Tuesday, September 23

Today we took a morning express train to Glasgow.  We visited the Burrell Collection and arrived in time for a guided tour. The Burrell Collection is approximately 9,000 objects donated to Glasgow city in 1944. The collection was amassed by shipping magnate Sir William Burrell and his wife over a 75-year period. It is housed in a purpose-built museum that includes Chinese, Medieval and French Impressionist Art.  There are also antiquities and decorative arts from around the world.


We especially liked the tapestries, including one featuring Vasco Da Gama and some camels, and a Chinese ceramic version of a rhinoceros.  The tapestry with Vasco Da Gama is known as the Camel Caravan tapestry.  It is one tapestry from a set of early 16th-century tapestries depicting scenes from Vasco da Gama's voyages to India in the late 1490s and early 1500s.  The tapestries were commissioned by King Manuel I of Portugal.  Camels were exotic animals and the tapestry weavers and designers had to imagine what they looked like based on the travelers' accounts and descriptions.

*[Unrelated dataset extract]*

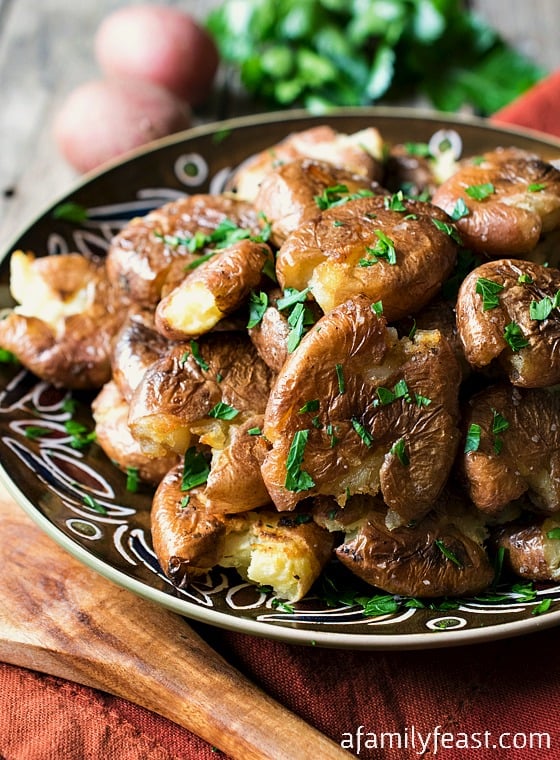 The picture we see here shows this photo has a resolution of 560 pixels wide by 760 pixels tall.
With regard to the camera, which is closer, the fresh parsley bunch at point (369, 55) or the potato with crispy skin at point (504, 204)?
the potato with crispy skin at point (504, 204)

After visiting the Burrell Collection, we took a walk around downtown Glasgow.  This included a look at the Wellington Statue, a bronze sculpture of the Duke of Wellington on a horse, famous for the traffic cone that is almost permanently placed on the Duke's head.  The statue was made in 1844 and the tradition of placing a traffic cone on it dates from the 1980s.  The artist Banksy called the statue his "favourite work of art in the UK".